### What this task involves
Output all the records word for word. Drop the pictures.
▼▼▼
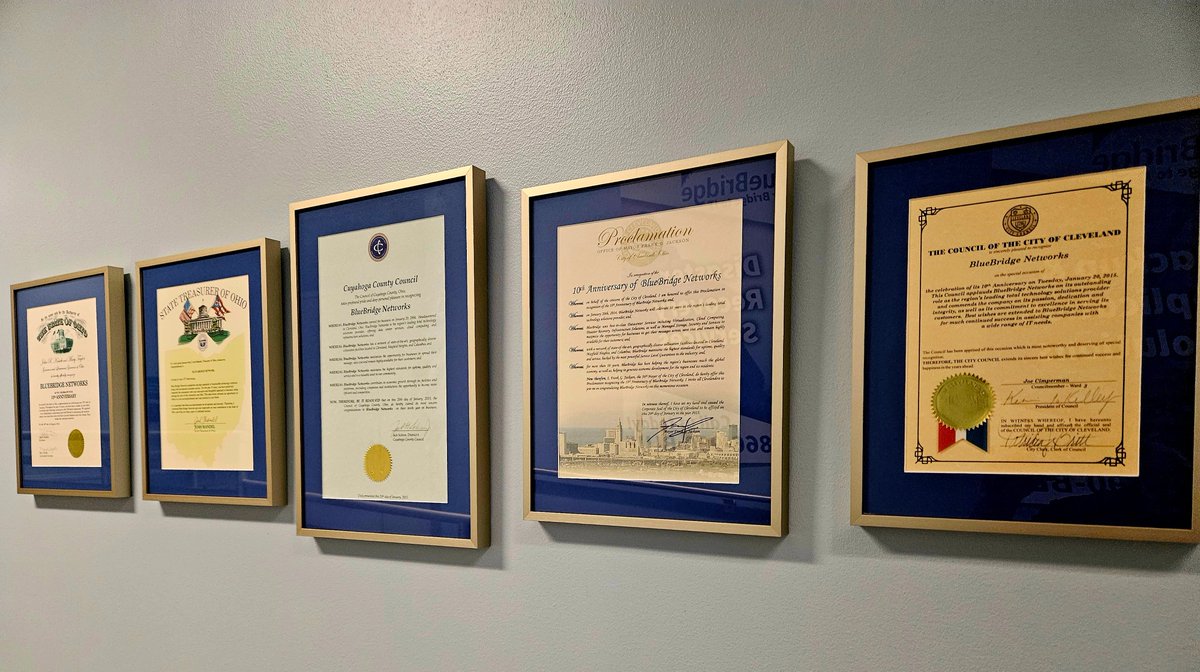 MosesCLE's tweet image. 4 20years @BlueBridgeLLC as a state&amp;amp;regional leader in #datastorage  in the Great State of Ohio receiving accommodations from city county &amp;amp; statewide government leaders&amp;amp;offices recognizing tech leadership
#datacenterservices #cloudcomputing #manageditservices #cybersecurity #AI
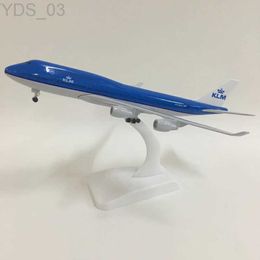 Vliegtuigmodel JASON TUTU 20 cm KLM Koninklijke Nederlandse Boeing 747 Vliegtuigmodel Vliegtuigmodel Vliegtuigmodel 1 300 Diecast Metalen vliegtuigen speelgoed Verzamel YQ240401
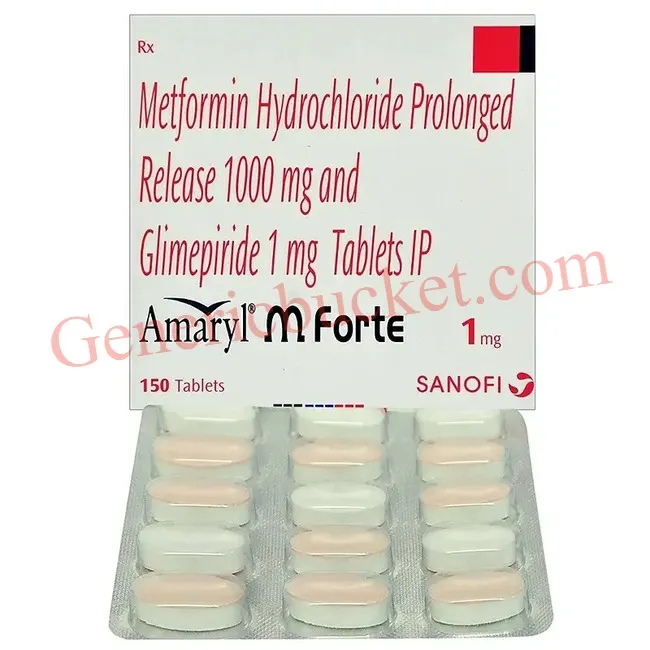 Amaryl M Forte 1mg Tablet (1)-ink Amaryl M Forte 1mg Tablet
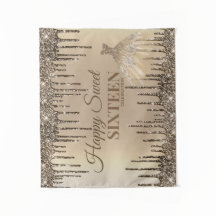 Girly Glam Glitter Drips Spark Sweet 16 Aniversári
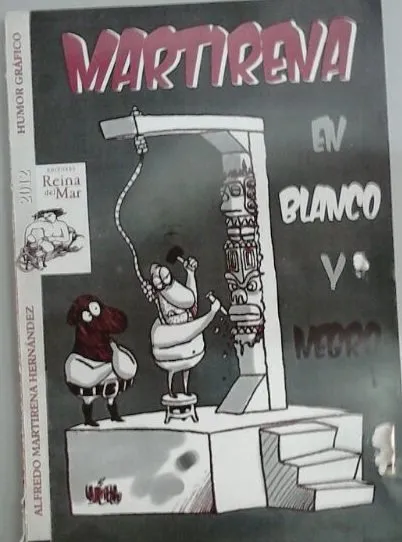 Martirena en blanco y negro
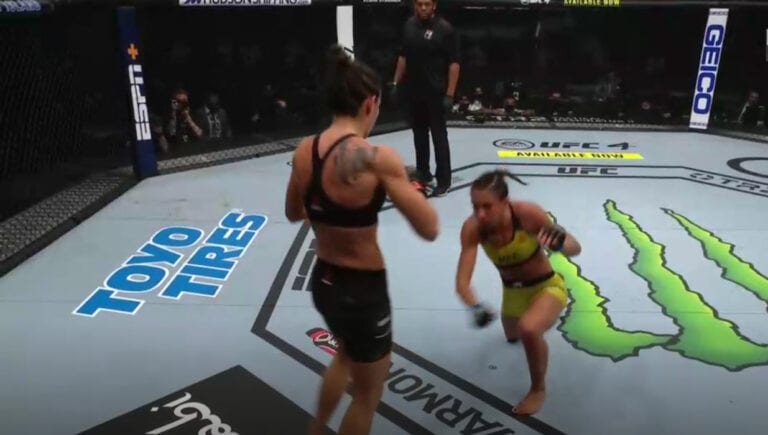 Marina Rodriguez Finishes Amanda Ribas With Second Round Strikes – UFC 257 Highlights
▲▲▲
### Response area
 MosesCLE's tweet image. 4 20years @BlueBridgeLLC as a state&amp;amp;regional leader in #datastorage  in the Great State of Ohio receiving accommodations from city county &amp;amp; statewide government leaders&amp;amp;offices recognizing tech leadership
#datacenterservices #cloudcomputing #manageditservices #cybersecurity #AI
 Vliegtuigmodel JASON TUTU 20 cm KLM Koninklijke Nederlandse Boeing 747 Vliegtuigmodel Vliegtuigmodel Vliegtuigmodel 1 300 Diecast Metalen vliegtuigen speelgoed Verzamel YQ240401
 Amaryl M Forte 1mg Tablet (1)-ink Amaryl M Forte 1mg Tablet
 Girly Glam Glitter Drips Spark Sweet 16 Aniversári
 Martirena en blanco y negro
 Marina Rodriguez Finishes Amanda Ribas With Second Round Strikes – UFC 257 Highlights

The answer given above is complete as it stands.